En ce lendemain de la Journée de l’Europe, la GLFF s’interroge : que reste-t-il de ce message d’espoir que représentait alors cette Convention ? Qu’en est-il de son application ?
Qu’en est-il de la prévention sur notre territoire, alors que nous apprenons qu’une jeune femme est immolée par son ex conjoint condamné précédemment à la prison, puis libéré prématurément ? Crime tragique, d’une barbarie intense… Un féminicide de plus, de trop.
Qu’en est-il de l’efficacité de l’ordonnance de protection[2], dont la difficulté d’application laisse le libre champ à toutes les violences ? En témoignent depuis l’été 2020 les dispositions ubuesques des ordonnances de protection visant à éloigner les conjoints violents de leur victime.
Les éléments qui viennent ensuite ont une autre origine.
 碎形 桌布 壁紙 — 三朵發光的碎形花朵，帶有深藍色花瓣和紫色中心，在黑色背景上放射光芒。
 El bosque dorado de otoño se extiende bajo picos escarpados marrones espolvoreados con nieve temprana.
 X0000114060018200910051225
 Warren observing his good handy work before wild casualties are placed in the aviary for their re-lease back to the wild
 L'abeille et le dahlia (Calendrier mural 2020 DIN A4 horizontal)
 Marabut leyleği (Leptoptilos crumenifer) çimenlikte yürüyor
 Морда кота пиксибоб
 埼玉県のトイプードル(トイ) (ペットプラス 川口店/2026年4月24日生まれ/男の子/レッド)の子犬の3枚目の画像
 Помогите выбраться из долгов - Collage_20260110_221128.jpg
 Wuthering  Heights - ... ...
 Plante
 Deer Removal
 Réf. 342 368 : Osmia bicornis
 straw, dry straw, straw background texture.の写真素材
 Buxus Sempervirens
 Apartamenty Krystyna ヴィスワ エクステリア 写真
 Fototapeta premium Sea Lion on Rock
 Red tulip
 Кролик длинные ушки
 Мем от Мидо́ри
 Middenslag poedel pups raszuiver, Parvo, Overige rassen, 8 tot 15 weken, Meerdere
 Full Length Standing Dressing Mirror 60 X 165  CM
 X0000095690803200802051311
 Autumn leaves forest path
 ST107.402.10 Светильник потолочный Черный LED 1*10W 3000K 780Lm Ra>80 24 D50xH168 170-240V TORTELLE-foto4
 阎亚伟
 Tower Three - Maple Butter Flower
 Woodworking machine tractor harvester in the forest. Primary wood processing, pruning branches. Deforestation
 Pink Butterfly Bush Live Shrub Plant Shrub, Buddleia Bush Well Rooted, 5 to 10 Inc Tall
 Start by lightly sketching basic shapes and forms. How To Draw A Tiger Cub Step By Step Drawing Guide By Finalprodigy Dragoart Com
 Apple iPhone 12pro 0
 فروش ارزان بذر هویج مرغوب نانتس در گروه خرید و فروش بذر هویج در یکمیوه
En effet les victimes elles-mêmes doivent adresser à leur agresseur, dans les 24 heures, par huissier de justice, la requête, les pièces et l’ordonnance fixant la date d’audience (préalablement fixée par le Juge aux Affaires familiales) !
Tâche impossible ? La France regarde souvent ses voisines avec suffisance. Or, l’Espagne a réussi à endiguer le phénomène : plus de 39 000 ordonnances de protections en 2018 ; 2500 en France, en hausse, mais avec 221 pour la seule Seine–Saint-Denis…
Et dans le monde ?
Comment ne pas nous sentir solidaires des femmes turques dont le gouvernement a décidé unilatéralement en avril de se retirer de la Convention, laissant champ libre à l’inacceptable, et reniant les fondements mêmes de l’état de droit sur lesquels s’est construite l’Europe ?
Comment ne pas nous sentir solidaires des femmes afghanes, pays où des jeunes filles meurent parce qu’elles veulent apprendre ?
Dans sa Déclaration de Principes, la GLFF a inscrit qu’elle œuvre à l’accomplissement et au respect des droits des Femmes, condition indispensable de l’universalité des droits humains. Aussi les Sœurs de la GLFF ne peuvent rester insensibles face aux violences et aux menaces que subissent les femmes partout. Elles demandent une révision de l’ordonnance de protection pour la rendre applicable et efficace, et invitent à rappeler inlassablement l’existence de la Convention d’Istanbul et la nécessité de son application sans conditions.
[1] Convention du Conseil de l’Europe sur la Prévention et la Lutte contre la Violence à l’encontre des femmes, et la violence domestique
[2] L’ordonnance de protection a été créée par la loi du 9 juillet 2010 et prévue dans les articles 515-9 et suivants du Code civil et 1136-3 et suivants du Code procédure civile.